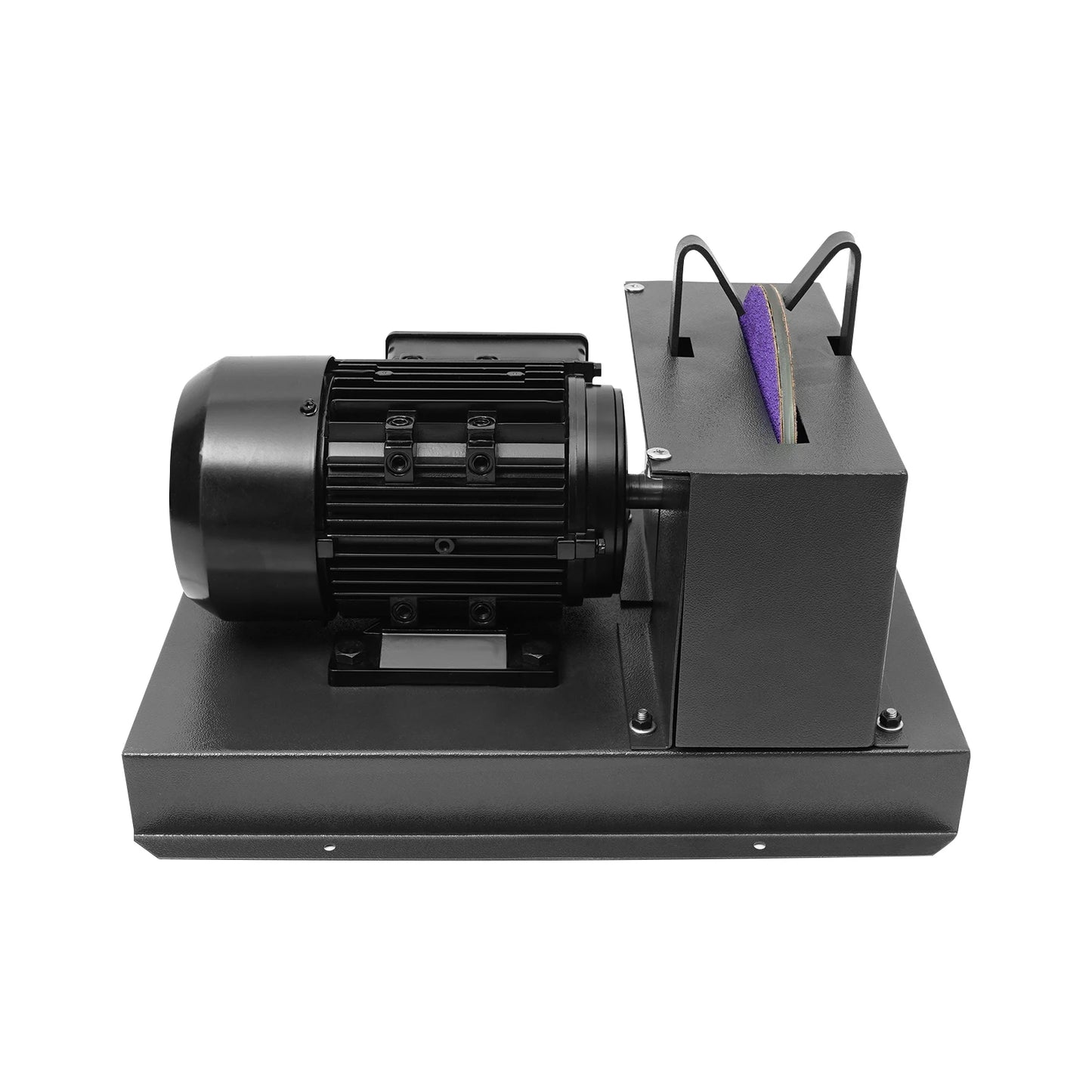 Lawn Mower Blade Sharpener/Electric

--

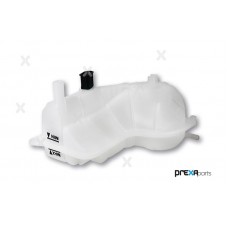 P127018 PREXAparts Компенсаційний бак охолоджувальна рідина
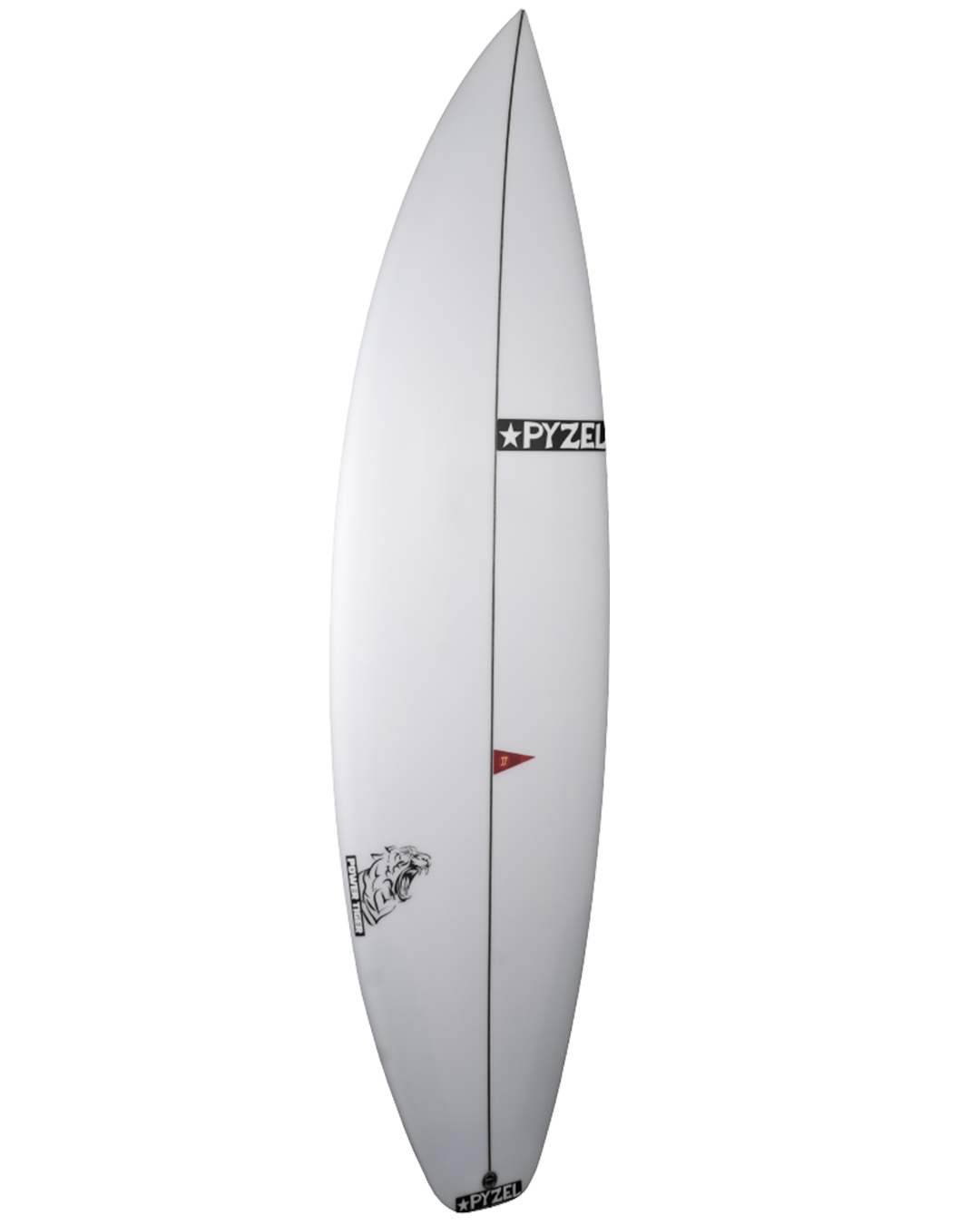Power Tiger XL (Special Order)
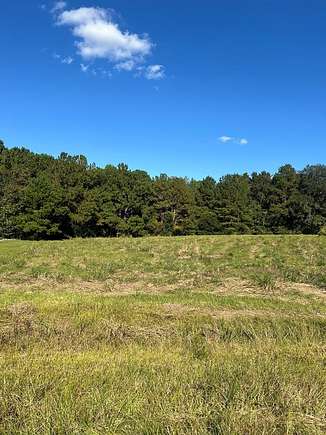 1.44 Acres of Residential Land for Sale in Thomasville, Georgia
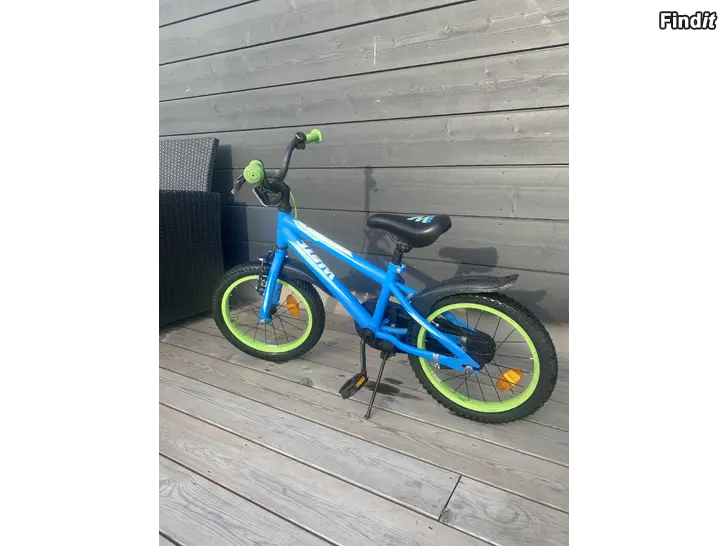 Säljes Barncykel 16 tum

*TRY IT*
Among the entries above, take the lines from the one with "1.44 Acres of" through the one with "Säljes Barncykel 16 tum" and retype them exactly, leaving out the pictures.

*EXERCISE RESULT*
 1.44 Acres of Residential Land for Sale in Thomasville, Georgia
 Säljes Barncykel 16 tum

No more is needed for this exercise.